§ WHAT THE EXERCISE ASKS: Omit all pictures, then retype the data exactly as given.

*** PROVIDED DATA ***

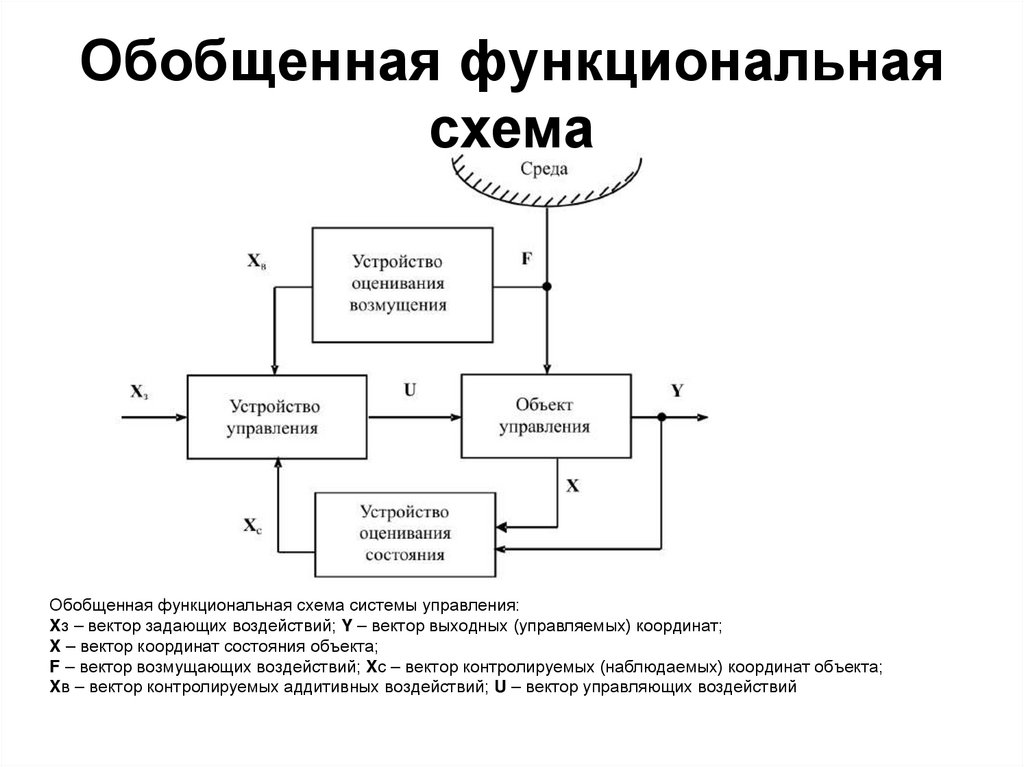 Функциональное описание текста. Функциональная схема системы управления. Функциональная схема игры. Функциональная модель математическое моделирование. Схема из функциональных элементов.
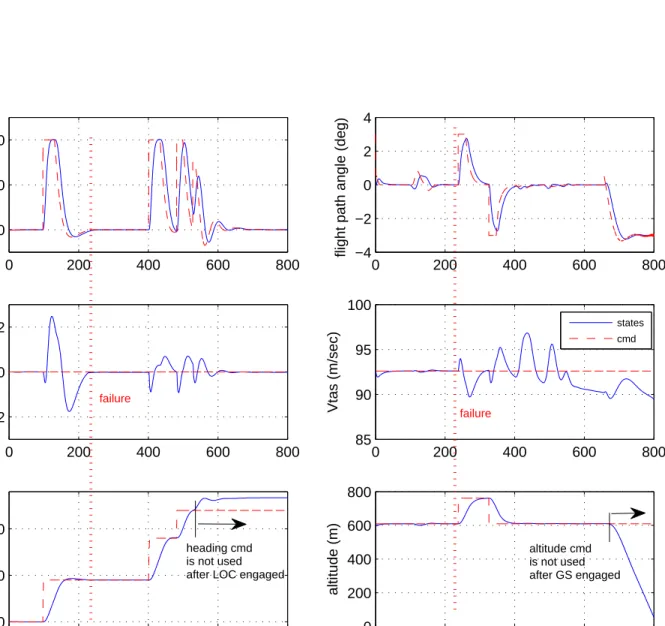 Fig. 11. propulsion control: controlled states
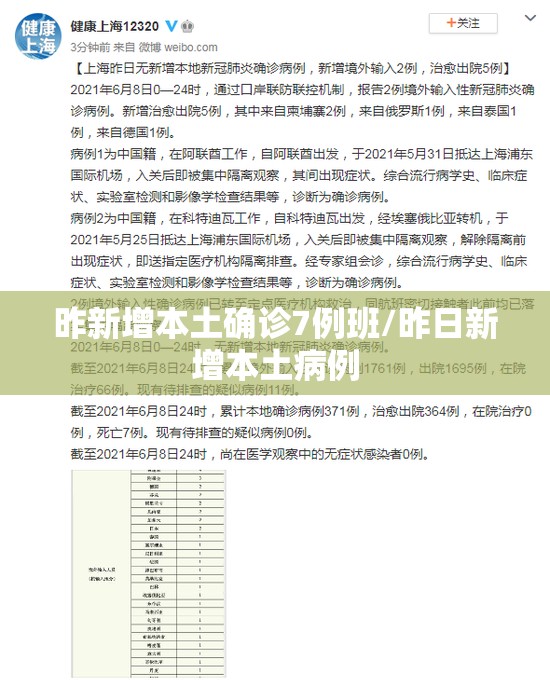 昨新增本土确诊7例班/昨日新增本土病例 昨新增本土确诊7例班/昨日新增本土病例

*** End of PROVIDED DATA ***

§ SOLVED EXERCISE:
 Функциональное описание текста. Функциональная схема системы управления. Функциональная схема игры. Функциональная модель математическое моделирование. Схема из функциональных элементов.
 Fig. 11. propulsion control: controlled states
 昨新增本土确诊7例班/昨日新增本土病例 昨新增本土确诊7例班/昨日新增本土病例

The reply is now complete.